With my sangria-making record against me, I was nervous as I prepared this new recipe. Mama and Sister Bruschetta offered to come assist, and together, we chopped, stirred and mixed another batch of sangria fruit. And, after the fruit had macerated for close to 24 hours -- we were testing its longevity, and also hoping to optimize the flavors -- I completed the recipe. Mr. Bruschetta and I had the first taste...and it was so amazing Daddy, Mama, Sister and BIL Bruschetta came over a few hours later to help (nearly) polish it off!

[Insert huuuuge sigh of relief.]

Amada's sangria differs slightly from the unfortunate recipe I followed originally, but it's really so much better. Simple syrup seamlessly laces the wine and fruit with sweetness. After a quick citrus bath -- I rolled the small cubes of apples and pears in a bowl of freshly-juiced lemon -- the fruit has maintained its bite (and staved off the usual browning) 48 hours later. And this drink surprisingly packs quite a punch. (Yup, there's a lot of alcohol in this sangria, but its one of those drinks that really doesn't taste like it -- until you try to stand up after a glass...or start noshing on the liquor-soaked fruit!)

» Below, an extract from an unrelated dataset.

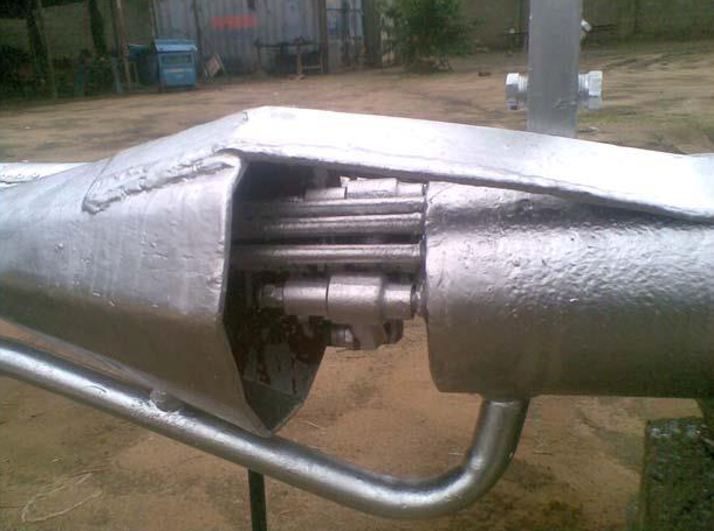A close-up of a metal object
                        
                        Description automatically generated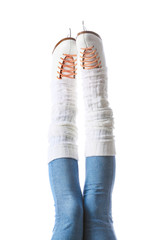 Young woman in ice skate shoes on white background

We still need to share the specifics with our caterer, but we're hoping he'll be on board with our oh-so-simple sangria. (Special thanks to Kevin Lundell and Amada Restaurant for the following amazing [and potent] recipes!)

Sangria Fruit

2 oranges, sliced into small wedges
2 pears, cut into small cubes
2 Granny Smith apples, cut into small cubes
6 oz. (3/4 cup) simple syrup*
6 oz. (3/4 cup) Triple Sec
4 oz. (1/2 cup) brandy

Macerate fruit pieces in syrup, Triple Sec and brandy (at least four hours, and preferably overnight). Keep covered and refrigerated until ready to serve. When finished, fruit should be "soupy" from the juices being drawn out.

* Equal parts water and sugar, boiled for five to seven minutes until sugar dissolves completely and syrup thickens slightly. Cool completely.

Amada House White Sangria -- Single Batch

1 750 ml. bottle dry white wine
4 oz. (1/2 cup) simple syrup
4 oz. (1/2 cup) brandy
2 oz. (1/4 cup) Cointreau
Optional garnish: sprig of fresh rosemary
(Although we didn't use rosemary in our recipe try-out, we would like to have the herb on hand at our reception, and give guests the option of including it in their sangria.)

Mix wine, simple syrup, brandy and Cointreau. This is the base wine product for the sangria. Keep refrigerated until serving.

Amada House Red Sangria -- Single Batch

1 750 ml. bottle dry red wine
6 oz. (3/4 cup) spiced simple syrup**
4 oz. (1/2 cup) brandy
3 oz. (3/8 cup) Cointreau
Optional garnish: cinnamon stick

Mix wine, simple syrup, brandy and Cointreau. This is the base wine product for the sangria. Keep refrigerated until serving.

** For 1 pint spiced syrup, use 2 cups each water and sugar. Boil until sugar dissolves and syrup thickens slightly. Stir in 3 cinnamon sticks, 8 allspice berries, 6 cloves, 10 black peppercorns, 1 tsp. red chile flakes and 3 whole star anise, remove from heat and allow to cool. Strain and use in sangria.

Serving Directions

Ladle 6-8 oz. of fruit and juices into a large pitcher. Fill with base wine product until almost full. Top with 4 oz. (1/2 cup) club soda and stir to combine. Ladle a small amount of fruit into ice-filled wine glasses. Pour in wine and garnish if desired.

We're super psyched about our trio of summery cocktails -- but I'd love to add a virgin option to the list as well. What's your favorite non-alcoholic summer beverage? (Feel free to link to a recipe!)